Anglo-Saxon runes: ᛒᚱᚢᚾᛋ

==== Skill ====
Old Norse: 'skjallr' = resounding (a noise loud enough to reverberate) meaning a rapid and loud watercourse.

Anglo-Saxon runes: ᛋᚳᛡᛖᛚᚱ

It's also possible that 'skill' is derived from the Old English 'gil'. This translates to 'gill' (or 'ghyll') which is a word used for ravines (narrow valleys) specifically in northern England and parts of Scotland. See below for more information on this theory.

Due to the similarity in spelling of 'skjallr' and 'skill' and the prevalence of the 'Brunskill' spelling rather than a variation of 'Brungil' or 'Brunsgill', one may choose to believe the original spelling would be 'Brúnskjallr'.

=== Pronunciation ===

==== Original ====
The Old English/Old Norse pronunciation of Brúnskjallr is thought to have been: b-r-oon-sk-yull-r (/b⟨ɾ⟩ʌnskjʊl⟨ɾ⟩/).

- The Rs are pronounced as a trilled R. The second R might have an UH sound like in 'weather'
- The Ú is pronounced with an OO sound like in 'broom'
- The J is pronounced as a Y
- The A is pronounced with an AH sound like in 'father'

==== Contemporary ====
Nowadays Brunskill is pronounced as it would typically look to an English speaker and without a trilled R: br-un-sk-ill (/bɹʌnskɪl/).

=== Modern Variations ===
Throughout history before many people could read and write, words were often not written down and only communicated verbally. Until the standardisation of English, there have been varying spellings of the surname which still exist today albeit even rarer; Brunskill being the most common variation.

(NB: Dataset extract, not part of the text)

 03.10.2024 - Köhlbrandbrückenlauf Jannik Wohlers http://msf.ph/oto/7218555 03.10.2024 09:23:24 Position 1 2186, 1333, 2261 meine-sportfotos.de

Examples of other variations are:

- Brunskell
- Brunskyll
- Bronskill

It's been noted that Brunskill may derive from 'Brunhyll' which translates to 'brown hill'. This would lead to variations such as Brunhill or Brownhill. This is unlikely because the addition of both the S and K sounds in place of the H sound in 'Brunskill' are quite prominent forming a stark difference in pronunciation.

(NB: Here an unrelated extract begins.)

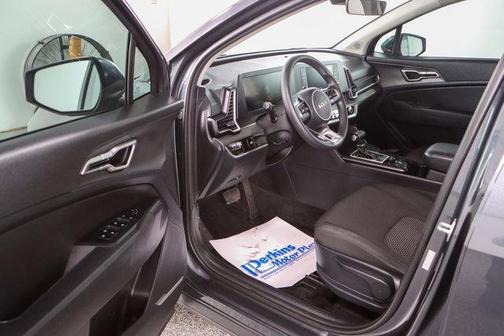 Gravity Gray 2023 Kia Sportage LX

=== Geographical origin ===
It's believed that Brunskill originates in/near Yorkshire. This is because the two most likely translations from 'skill' are unique and specific while also being similar as they're about watercourses in the Yorkshire area.

==== The 'skjallr' theory ====
The River Skell, which runs through Ripon, North Yorkshire, is derived from the Old Norse 'skjallr'. The only other known watercourse with the word 'skell' is The Skell near Doncaster, South Yorkshire. It's possible the first Brunskills were named after one of these watercourses, especially when considering 'skell' is a variant to 'skill'. The E in 'skell' could have been pronounced sk-yell (/skjɛl/) due to the Y sound from the J in 'skjallr'. This could also sound like skee-el (/skjɪɛl/), thus being mistaken as or evolving into skeel (/skiːl/) (like steel) to spell 'skill'.

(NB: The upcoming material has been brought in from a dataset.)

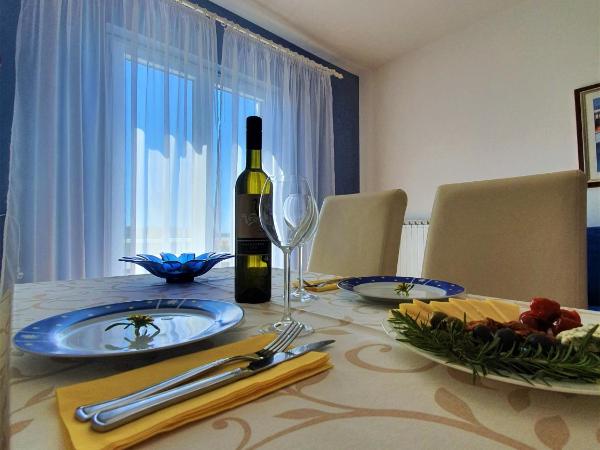 F• R• I• E• N• D• S• : photo 5 de la chambre appartement 1 chambre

It may be more likely that the surname is based specifically on the River Skell because there's very little evidence of The Skell's etymology and history, whereas the River Skell is known to be derived from 'skjallr' and to in fact have "a swift and noisy course". In addition to this, the River Skell is a much larger and more prominent watercourse meaning it covers a larger area for settlements and has more access to water and food sources.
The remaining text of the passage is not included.